Nos horroriza un descuartizador que seccionó en 29 pedazos a su masajeador más próximo.

Eso no es un crimen. Es una vulgaridad. Ese individuo no ha leído libros de historia.

Grandes son los crímenes de los grandes hombres: cientos de miles, millones de individuos alcanzados por la vanidad armada de unos salvajes que fueron dioses monoteístas, faraones, generales en jefe, mariscales de campo, reyes nacidos para el crimen.

Esos sí que sabían matar. En nombre de los valores de la civilización (de la que fuera), te mataban, limpiaban el mundo de tu presencia bárbara.

Mataban al por mayor, en gruesas, en montañas: mataban para que la historia los juzgara como personajes de grandes propósitos y cementerios propios. Y sobre sus montañas de difuntos, en efecto, la gloria, con legañas, los coronaba.

De todos esos insaciables asesinos está hecha la historia, el día empezó, como es fácil imaginar, el día en que un cavernícola fundacional se cargó a su vecino por una disputa carnal.

El primer asesino con buena reputación fue David, que mató de un hondazo al idiota de Goliat.

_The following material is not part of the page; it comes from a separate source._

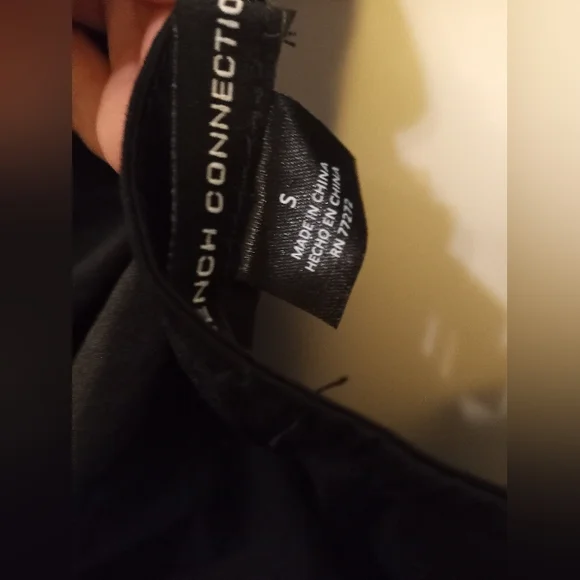 French Connection Black Midi Dress - Picture 4 of 4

Y a partir de allí se diría que un requisito para contraer la fama fue ensangrentar el mundo con las hazañas más variadas.

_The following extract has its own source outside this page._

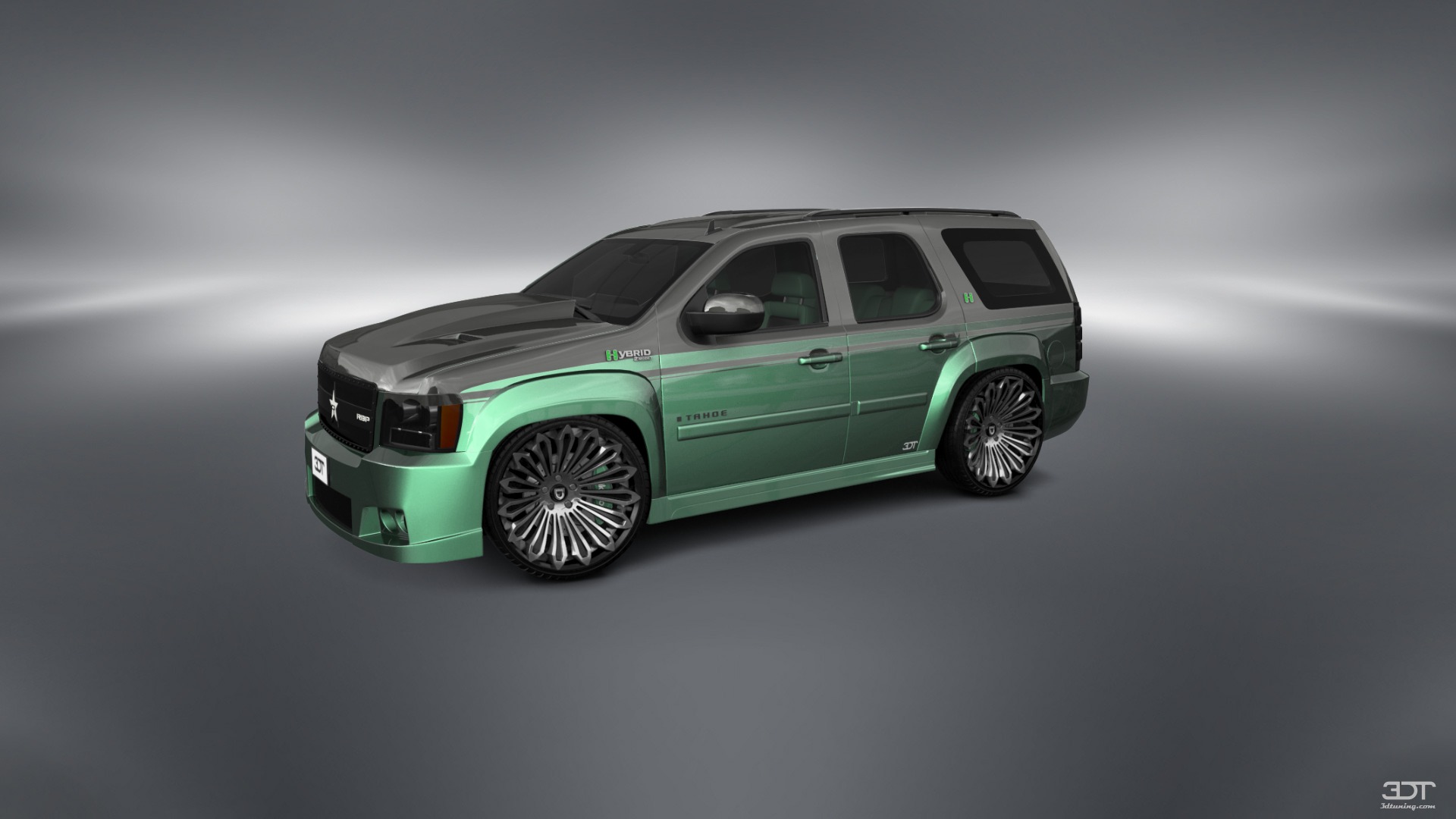 Chevrolet Tahoe 5 Door SUV 2007 Изображения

Julio César, Napoleón, Hitler, Hirohito, Stalin, Truman, Sharon: asesinos. Y apologistas del crimen.

La historia humana es una cordillera de sangre, traición, dagas, pólvora, muñones, gargüeros expuestos, niños interrumpidos en plena calle, madres en silencio y discursos sobre la paz.

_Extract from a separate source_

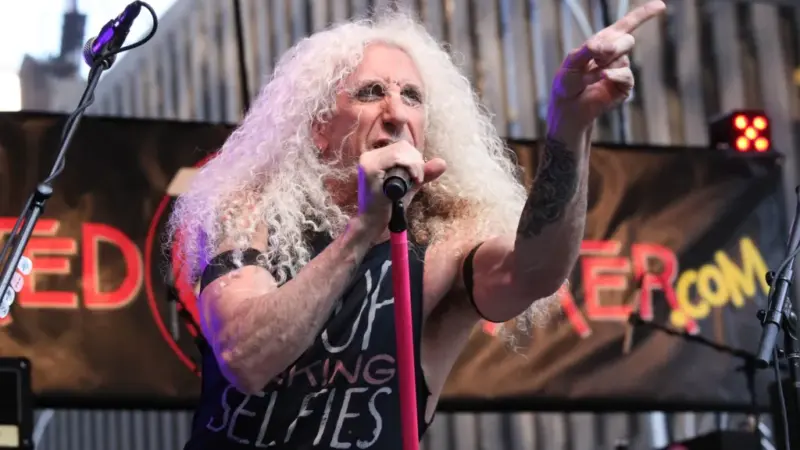 Dee Snider deixa Twisted Sister por desafios de saúde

Yo quisiera que los armenios, a los que se les niega hasta el derecho de estar muertos, volvieran, como un ejército de espectros, y nos contaran qué decían los turcos antes de matarlos y a quién vivaban antes de violarlas y cómo reían después de la faena. Espero a esos dos millones de armenios porque la resurrección de los asesinados es la única que me es dable imaginar.

Que vengan los niños sioux asesinados en 1890, en la masacre de Wounded Knee, y que me digan a qué sonaban esos rifles que los agujereaban y de qué color era la palidez de sus madres caídas para siempre. Mejor: que vengan los dos millones de indios ancestrales que los colonos estadounidenses exterminaron como si fueran búfalos (a los que mataron, dicho sea de paso, en número de 15 millones).

Que me cuenten los conquistadores cómo cosecharon tanta muerte en las Américas y que Ana Frank vuelva a decirme qué asunto delicado es eso de vivir (y morir) a un paso de la muerte.

Que vengan los dos millones de muertos vietnamitas y los otros dos millones de muertos camboyanos a contarnos, con lujo de detalles, cómo es que llovía gelatina incandescente de los aviones norteamericanos y cómo fue que en Camboya  de esa hoguera infernal nació la rabia homicida de Pol Pot.

Que un desfile sin término de muertos nos explique lo que pasó en la DINA chilena, la ESMA argentina y el SIN peruano. Y que hablen también el cadáver del cubano general Arnaldo Ochoa y las víctimas de Roberto Mario Santucho, Abimael  Guzmán y el frente Farabundo Martí.

Que la muerte nos hable para entender mejor qué mamífero tenaz es el que nos habita, qué bestia atroz cargamos todos, qué fariseo resulta adoptar el punto de vista del poder. Que los pulverizados de Hiroshima y Nagasaki reúnan sus dispersas semillas para poder decirnos en qué consistió ese segundo de combustión solar que acabó con todo lo acabable.

Es cierto que hubo Bach y Satie y habrá otros Dylan Thomas y más de una Magritte. Y es cierto que la bondad está en todas partes haciendo, con discreción, lo suyo.

Pero yo hablaba de la historia, esa reunión de asesinos y sus víctimas. Y hablaba de los que se horrorizan por el caso del descuartizador pero no dicen nada por el salvaje de los Colina y hasta votarían por el regreso de los Montesinos y las Keikos. Los que cortaron este país en pedacitos.